Future of elk in jeopardy in southwestern Colorado
DURANGO, Colo. — Over the past few years, elk herds in southwestern Colorado have been slowly dying off, and wildlife officials are concerned about the iconic ungulate’s ability to survive in healthy numbers in the long term.
The issue involves a mystery: About half of the elk calves born in southwestern Colorado die within six months. Of the survivors, another 15 percent perish before they turn a year old.
And researchers don’t know why, The Durango Herald reports.
The problem encompasses wildlife mismanagement: After record high elk populations in the 1990s, the Division of Wildlife (now Colorado Parks and Wildlife) ordered a mass hunt to cut back the animal’s numbers.
These same elk herds are now struggling to recover.
And, there are pressures from an avid user group: hunters, who in vast numbers travel to Colorado’s rich public lands. On top of killing elk, they can disrupt breeding habits and future offspring.

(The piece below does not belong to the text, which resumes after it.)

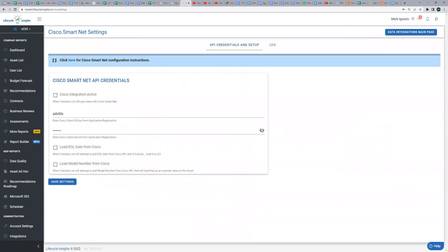You will be prompted with a form that will allow you to enter your Cisco SNTC credentials and also specify optional options for the integration. You may turn off the Cisco SNTC integration for all of your assets by unchecking the Cisco integration active checkbox at the top of the page. Note, turning off the integration does not mean we will revert any data that has previously been looked up.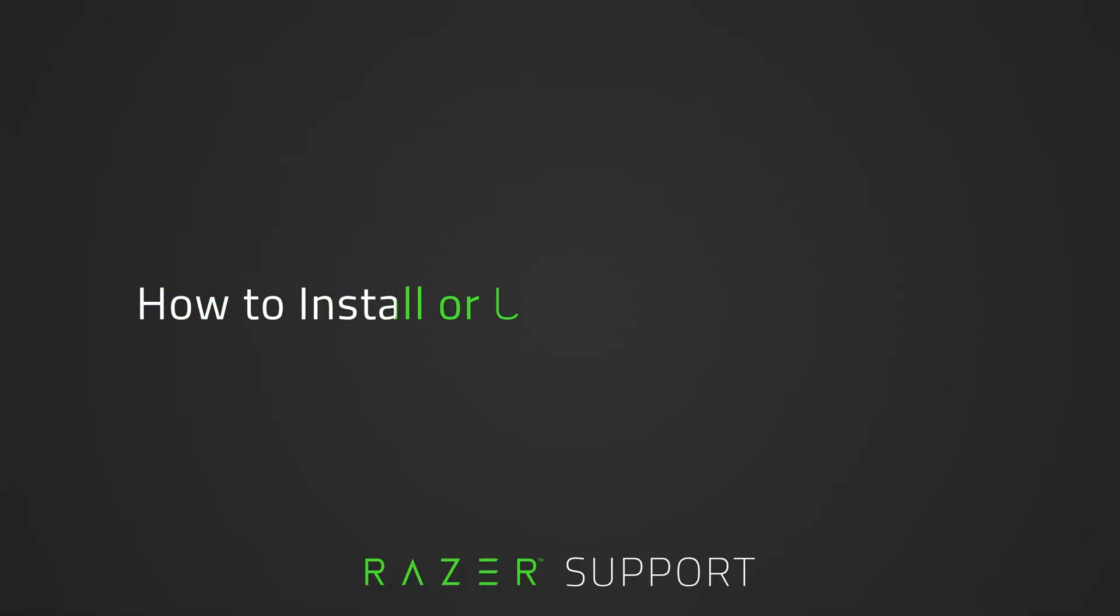This video is a step-by-step process on how to install or upgrade to Razer Synapse 4.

The challenge of understanding the forces behind this population decline comes at a time when Colorado will restructure the way it carries out big-game hunting seasons, which, among conservationists and hunters alike, presents an opportunity to help elk recover.
“I’ve been hunting in this area since 1993,” said Thomas Downing, an archery hunter and manager of Gardenswartz, an outdoors and sporting goods company in Durango. “What I’ve witnessed, firsthand, is our elk herd is not in healthy shape.”

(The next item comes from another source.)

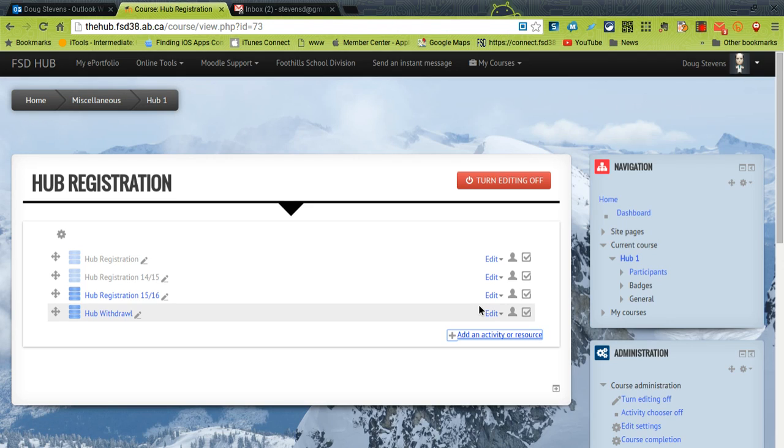Hi everybody. I wanted to take a moment to show you how to create your own video conference permanent space in your Moodle course.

By the early 1900s, Western settlers had wiped out nearly all of the elk in North America, bringing an estimated population of 10 million down to just 40,000 animals throughout the United States and parts of Canada.
The U.S. Forest Service in 1910 estimated just 500 to 1,000 elk roamed the entire state of Colorado.
To revive the population, the state banned elk hunting until the early 1930s, and elk from Jackson Hole, Wyoming, were transplanted into 14 areas around the state, including the Hermosa Creek valley, north of Durango.
Those restoration efforts were highly successful. Colorado now boasts the largest elk population – about 280,000 animals – in North America.
In southwestern Colorado, elk herds enjoyed a prolonged period of prosperity in the 1990s, a time many hunters remember fondly.
“It was wonderful,” said David Petersen, a lifelong hunter, acclaimed naturalist and writer on hunting ethics. “And it just got better and better. Lots of elk. Lots of bulls. Elk bugling everywhere, all the time.”
But the high was short-lived.
Elk are hungry grazers, eating between 15 to 21 pounds of food a day.
In the summer, the ungulates prefer to stay in the high county, feeding on grasses, forbs and shrubs.
But in the winter, small bands tend to coalesce into large herds to spend the cold months feeding at lower elevations, in areas now occupied by farms and ranches.
Consequently, it’s not uncommon that elk cause a fair amount of damage to fields and crops and compete with livestock.
Toward the late 1990s, with elk abundant on the landscape, ranchers and farmers pressured the Division of Wildlife to reduce their numbers. And the agency responded, aggressively, by allowing more hunters to hunt.
Specifically, the Division of Wildlife issued a virtual free pass for killing cows. But killing too many females also began to kill the animal’s potential to reproduce.
At the height of the uncontrolled culling, a total of 3,500 hunting tags were issued in 1996 for the cow harvest in two herds around Durango.
This period, by contrast, is a time remembered not so fondly.
“During some private-land cow hunts, I saw elk falling dead by the dozens a day,” Petersen said. “It was an ugly slaughter. They hit the elk cows especially hard for several years.”
In the San Juan herd, which ranges from the Animas River east to Wolf Creek Pass, about 23,000 elk were cut down to about 17,300. In the Hermosa herd, a population of about 6,500 was reduced to 4,100.
Scott Wait, a senior terrestrial biologist for Colorado Parks and Wildlife, said that while these numbers don’t drastically stand out, they are significant in the complex art of big game management. And, in retrospect, many people felt the reduction effort was too aggressive.
“Maybe we were too successful, or maybe the public tolerance has changed,” Wait said. “Regardless, we did decrease elk to the point of dissatisfaction.”
The population reduction alleviated conflicts with ranchers and farmers. The problem is, the effort went too far. Now, elk herds are below their desired population levels and a new host of issues threaten their recovery.
“In the last six to eight years, we’ve tried to go back into the population growth phase,” Wait said. “But we are struggling getting the population of elk to grow again.”